Exercise prompt -
Retype the whole listing, please, keeping every line exact and dropping the pictures.

Source data -
▼▼▼
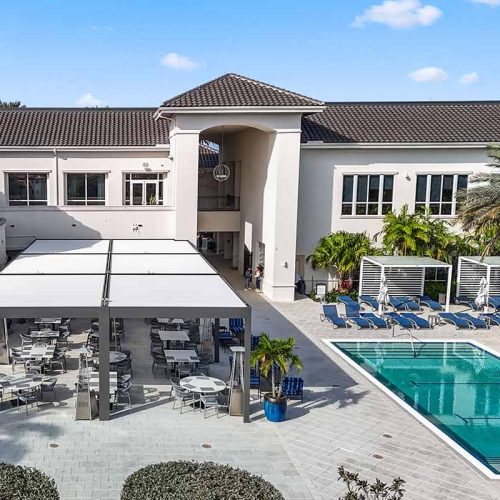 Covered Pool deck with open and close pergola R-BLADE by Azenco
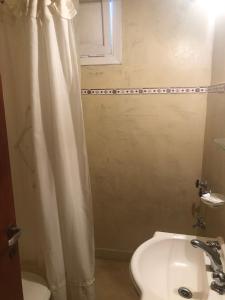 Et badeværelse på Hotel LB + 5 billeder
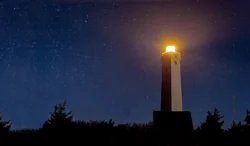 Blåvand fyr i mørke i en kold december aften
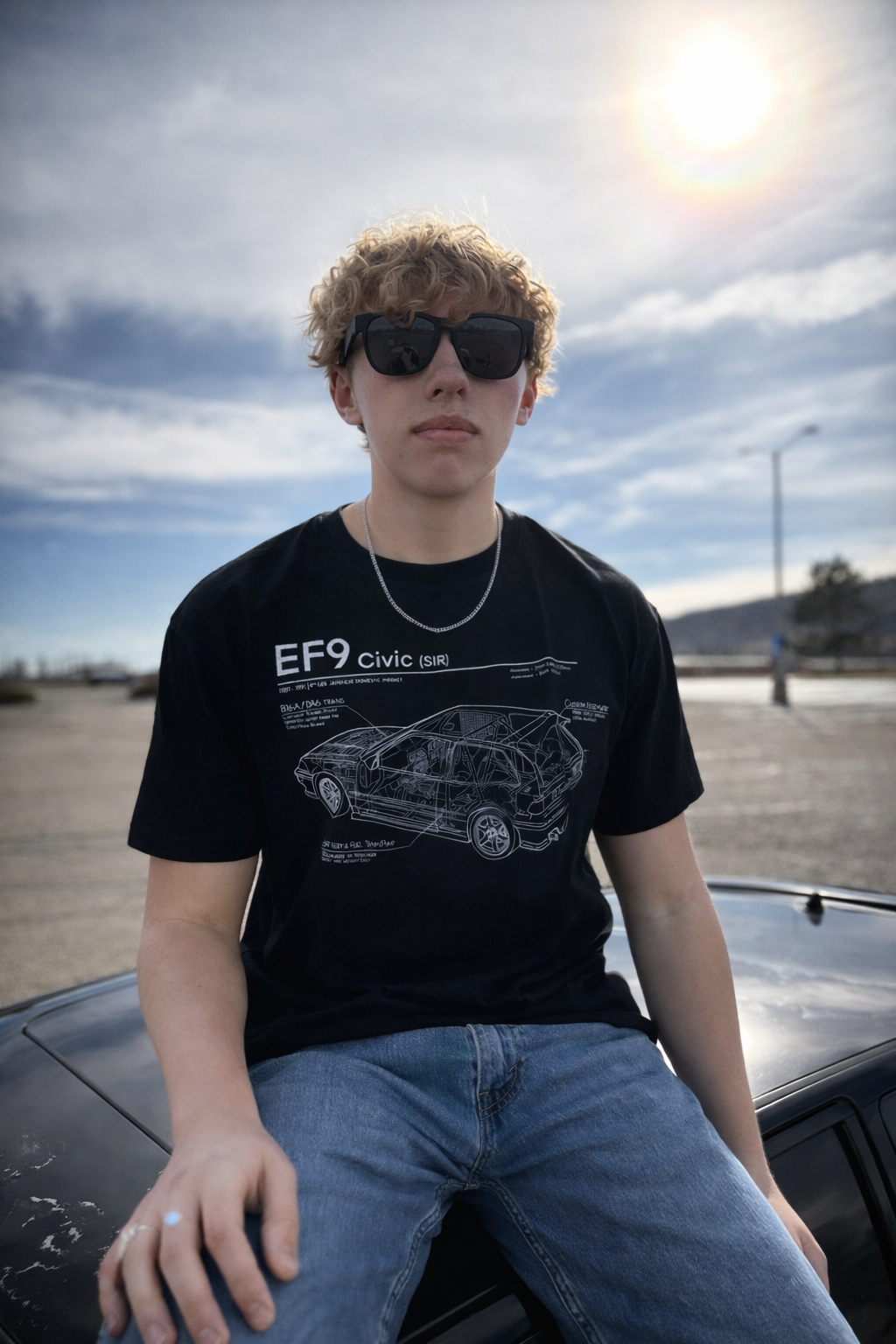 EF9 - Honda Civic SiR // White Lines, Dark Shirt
▲▲▲
Worked solution -
 Covered Pool deck with open and close pergola R-BLADE by Azenco
 Et badeværelse på Hotel LB + 5 billeder
 Blåvand fyr i mørke i en kold december aften
 EF9 - Honda Civic SiR // White Lines, Dark Shirt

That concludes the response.